Jeremy: The quicksand was an illusion! The problem was that we found the location the summer before and it was very dry, so we knew we could make it muddy, but when we came back a year later the whole valley was filled with water, so we had to pump the water out. But the quicksand is maybe one foot of mud and gray solid ground. We had to dig a hole and fortify it with wood and we filled it with oatmeal. Oatmeal has the consistency of dirt, but it is more comfortable for the actor. We had to keep temperature checks because it gets really cold inside the hole. So that was a real danger.
GFM: What was your experience like of working with your young lead actors Félix Grenier (Tyler) and Alexandre Perreault (Benjamin)?
Jeremy: We wanted to work with young actors so we reached out to schools around the area where we were shooting, and we auditioned seventy kids, but Felix and Alexandre both stood out by their transparency and confidence. They were just so energetic and open. We did a lot of rehearsals with them on location and I didn’t give them a script. I just gave them lines to memorize by heart and they were also very collaborative, so sometimes they would make suggestions for lines. It was a very fun process.
GFM: Felix’s emotional breakdown towards the end is heartbreaking. How did you help prepare him for this moment?
Jeremy: The last scene was a lot of work and it was my worry from the start because it is a big emotional scene and I was wondering if Felix would be able to get there. Felix came to Montreal beforehand and we rehearsed with extras to play the mom. When it came to doing it on set, it was the last scene we were shooting, so we really kept it to the end. Then in the car I was preparing him because he needed to be hyperventilating and very emotional, so when he came to that take we discussed more personal things. We talked to him just like a friend. We explained what the character was going through, but we were also trying to make him relate to something that maybe he could have experienced himself. He really, really understood. He is so brilliant.
GFM: And your actress Louise Bombardier is an amazing counterpart in that scene, as you can exactly imagine a woman showing that kind of empathy to a lost young boy.
Jeremy: Yeah, totally. I mean, for myself, that woman was so important because when I used to do that with my friends we would sometimes wander very far out. I remember a woman picking me up like that, so this character is maybe the mother that he doesn’t have, you know? She makes him feel so understood about whatever has happened, so it makes him open up and cracks his facade. The female character is so crucial to the story.
GFM: Audiences will likely be trying to make connections between the film’s title and the Fauvism movement. Could you discuss that?
Jeremy: Yeah, of course. Well, Fauvism was a big inspiration for the title. The movement is known for paintings with those super vivid landscapes, and the last shot of the film is this vivid landscape of nature. Fauve in French also means ‘wild beasts’ and refers to a burnt orange colour, so it made so much sense to have this title because it has so many dimensions to it.
GFM: What is important about the short film format for you?
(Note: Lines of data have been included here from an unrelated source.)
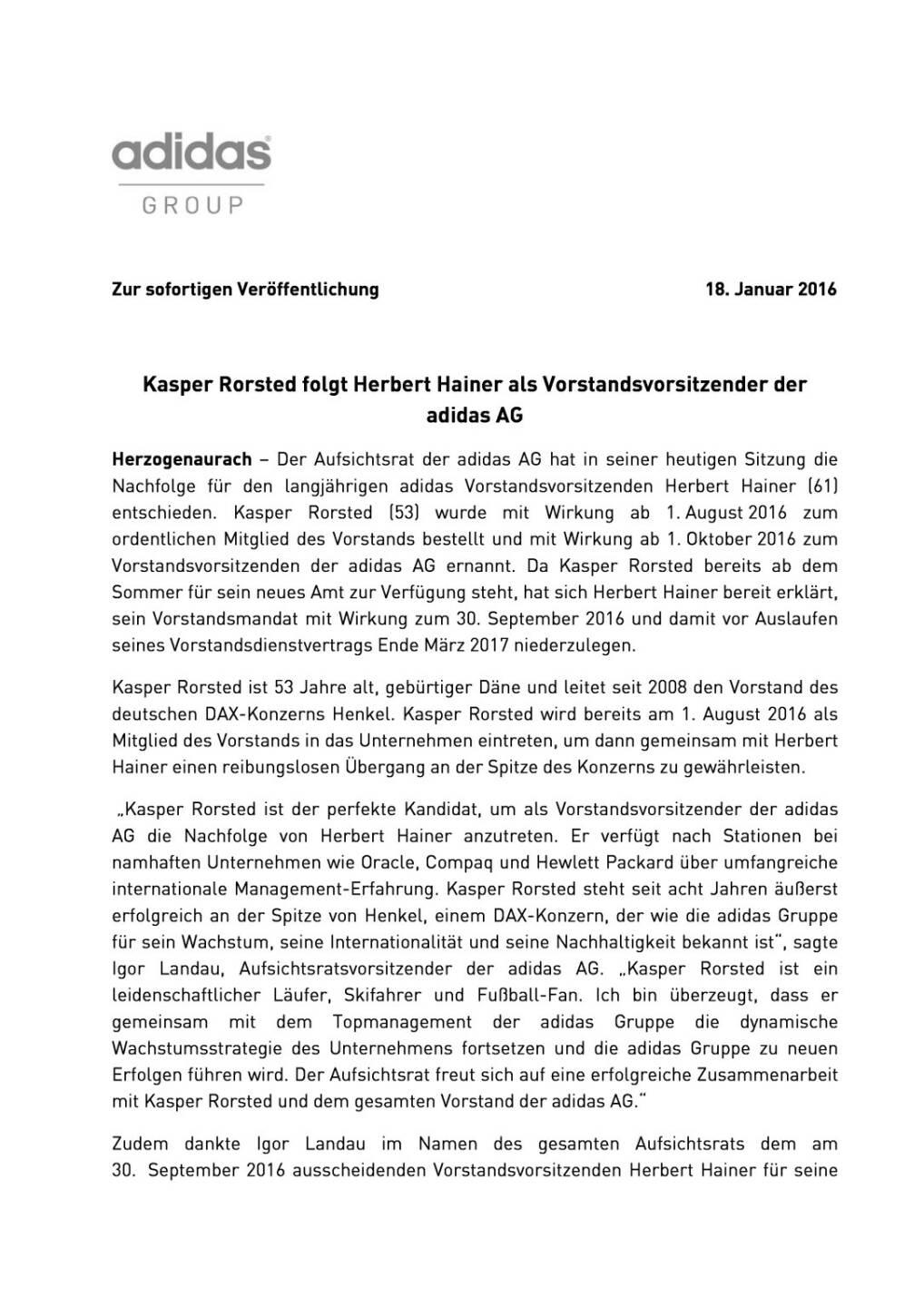 Kasper Rorsted neuer Vorstandsvorsitzender der adidas AG, Seite 1/2, komplettes Dokument unter http://boerse-social.com/static/uploads/file_552_kasper_rorsted_neuer_vorstandsvorsitzender_der_adidas_ag.pdf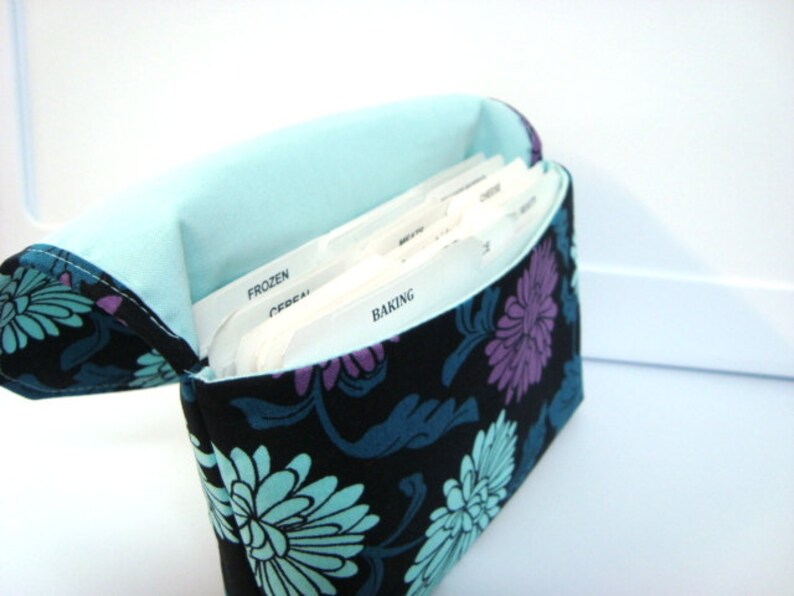 Coupon Organizer Budget Organizer Holder Attaches To You Shopping Cart Black with Aqua and Purple Mums image 4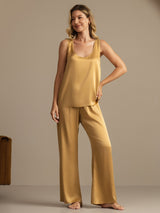 [Tan] SilkSilky-FR 19Momme Sans manches Encolure Dégagée Femme Pyjamas 005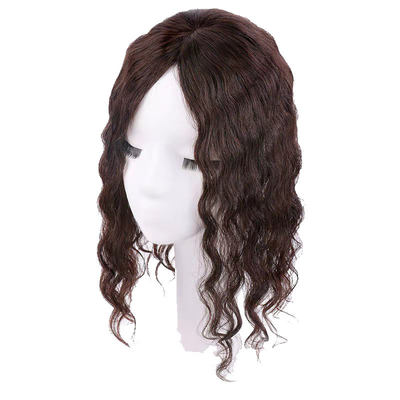 トップ 人髪 レディース ダークブラウン ロング 波紋 巻き糸 トップ クリップ 女性用 ヘア トップス
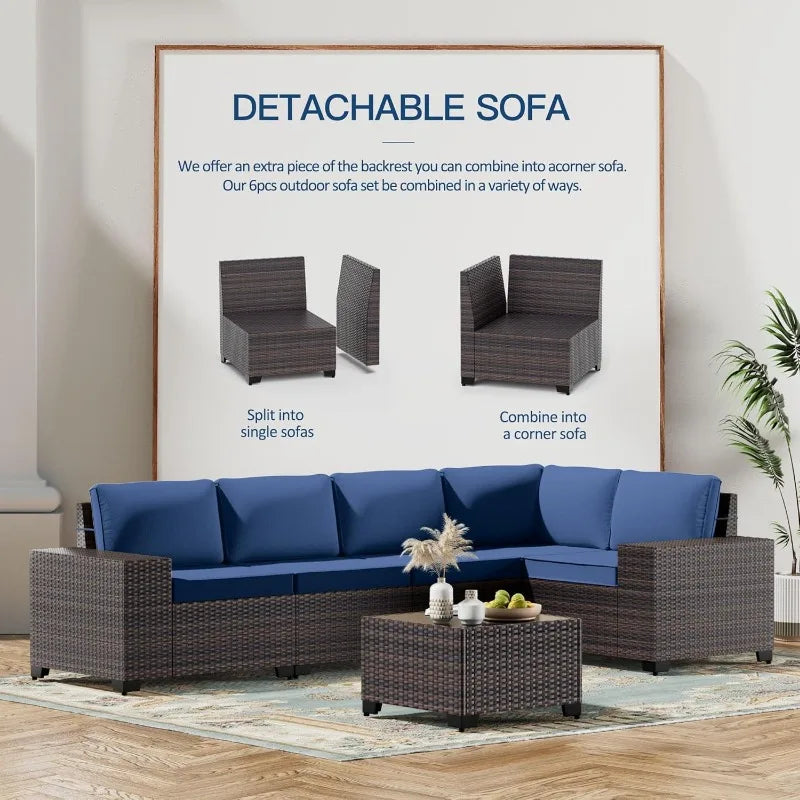6PCS Outdoor Patio Furniture Set PE Wicker Rattan Sectional Sofa Patio Navy Blue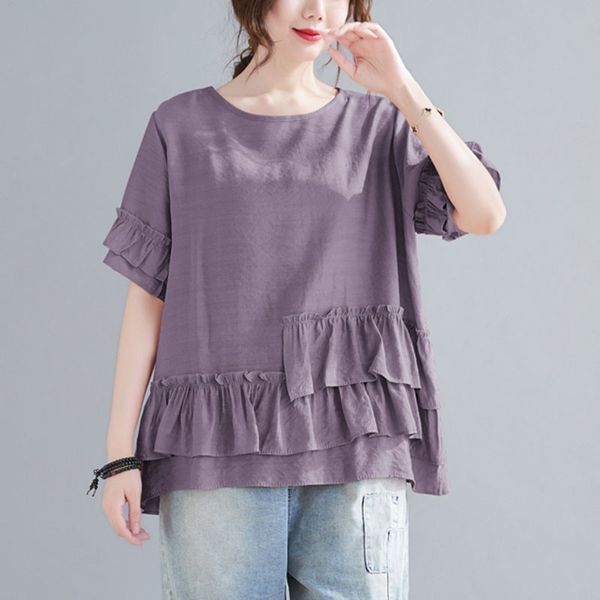 

women summer casual t-shirts new arrival simple style o-neck ruffles solid color loose comfortable female tees s3637 210412, White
Jeremy: It’s an art in itself for me, and a different way to express oneself in such a short amount of time. You cannot develop a character too much. So, it’s about telling a story in a very contained way that can send a strong message. It’s about working simply and with not too many characters or locations and working around that.
GFM: Please describe the moment that you found out you’d been nominated for an Oscar.
Jeremy: I was with my whole team at my distributor’s office, which is in the same building as the other Canadian film Marguerite that was nominated for an Oscar in the same category. We were both in our own room, but side-by-side, and we leaned out – we had weak connection so the feed was a bit delayed. We heard them scream first, and I was not sure if it was a good or bad thing because maybe they got it and we didn’t. But then my phone started vibrating a lot, and then we saw the nomination and we knew that our dream had come true. There was screaming and jumping, and it was a wonderful moment!